Jaime Cedano Roldan

En la medida en que íbamos creciendo y salíamos más a las calles, nos fuimos acostumbrando a los militares armados hasta los dientes que se veían siempre por todos lados y que aparecían con sus retenes en cualquier camino o en cualquier calle. Temíamos sus llegadas repentinas a los parques y plazas de mercado de los pueblos y barrios populares.

Corrían tras los jóvenes como si fueran animales de caza, y como a vacas los apretujaban en camiones en medio de insultos e improperios y se los llevaban lejos, muy lejos del pueblo, a prestar el servicio militar obligatorio, al que solo iban los hijos de los pobres. Los hijos de los ricos o no iban, o prestaban el servicio en el Palacio presidencial. O lo hacían directamente en la Escuela de oficiales a la que costaba un dineral poder ingresar. Los pobres solo podían llegar hasta el grado de sargentos, si sobrevivían, después de pasar muchos años deambulando por batallones o las llamadas zonas rojas, donde acechaban grupos de bandoleros, asaltantes o de guerrillas”.
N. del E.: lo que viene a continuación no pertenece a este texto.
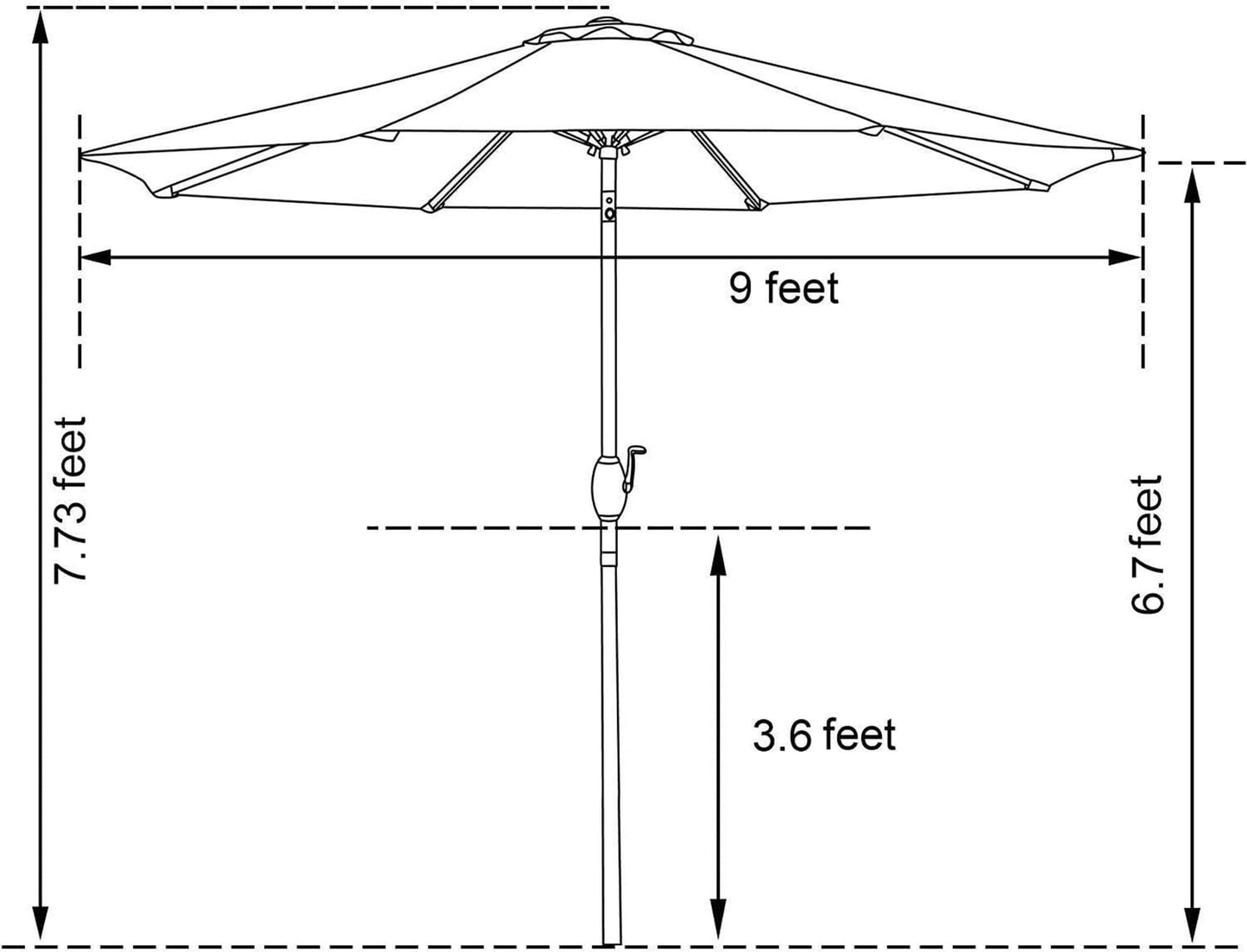 9FT Patio Umbrella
En estas líneas de una de las crónicas del libro “Paz en Colombia, crónicas de ilusiones, desencantos y viceversas” reseñamos brevemente lo que durante toda la vida ha sido un drama para las familias pobres y de capas medias en Colombia. Las famosas “batidas” del ejército para reclutar soldados a la fuerza. En esas batidas quien no tuviera la libreta militar y estuviera en edad de servicio era detenido y muchas veces inmediatamente enrolado forzosamente, siendo muy frecuentes los inmediatos traslados. Millones de familias han vivido este drama de saber que el hijo ha sido detenido, de correr a buscarlo, del desespero de intentar saber algo de su paradero y enterarse con el correr de los días que está en alguna región remota soportando las violencias, humillaciones y maltratos del reclutamiento forzado.

El nuevo gobierno colombiano ha anunciado el fin de estas prácticas. El ministro de defensa Iván Velásquez ha expresado a través de twitter:

El Ejército no puede retener y conducir a ningún ciudadano a cuarteles o distritos militares para incorporarlos al servicio. Es una práctica ilegal que debe ser suspendida de inmediato”.

Es una orden inusual, que no pensábamos que llegáramos a conocer. Pero ha sucedido y se enmarca en la nueva doctrina militar que está expresando el presidente Gustavo Petro quien en la ceremonia de transmisión de mando en la cúpula de la policía hizo un profundo planteamiento de esta nueva política militar que deja atrás la “Doctrina de la Seguridad nacional”, que el pentágono norteamericano impusiera por los países latinoamericanos y caribeños sometidos a su órbita y dominio y pasar a la Doctrina de la seguridad humana que tiene que ver con el trato que policías y militares deben dar a la población civil pero también con el tratamiento a los militares y policías que incluyen su capacitación integral y las posibilidades generalizadas de ascenso. Petro busca romper algo que hasta ahora era inamovible en las fuerzas armadas, el mundo de la alta oficialidad preparada en exclusivas academias militares y el mundo de la sub-oficialidad y la tropa. “Dos mundos que se tienen que unir”, ha dicho el presidente, afirmando que no es posible que un general no haya sido patrullero y que debe ser posible que un patrullero pueda ser general. Estos planteamientos caen muy bien en el conjunto de las tropas y del país, con excepción de las altas élites financieras y de las derechas.

“En las fuerzas militares para la paz, primero está el hombre y la mujer que el fusil.”

Falta mucho tiempo para que se pase de los anuncios a los hechos. Habrán resistencias desde adentro y desde afuera de las fuerzas militares y de policía, los norteamericanos están con el ojo abierto, el ex general Zapateiro anda montando golpes y sublevaciones que por ahora solo parecen ridículas comedias. De todos modos un nuevo tiempo ha empezado.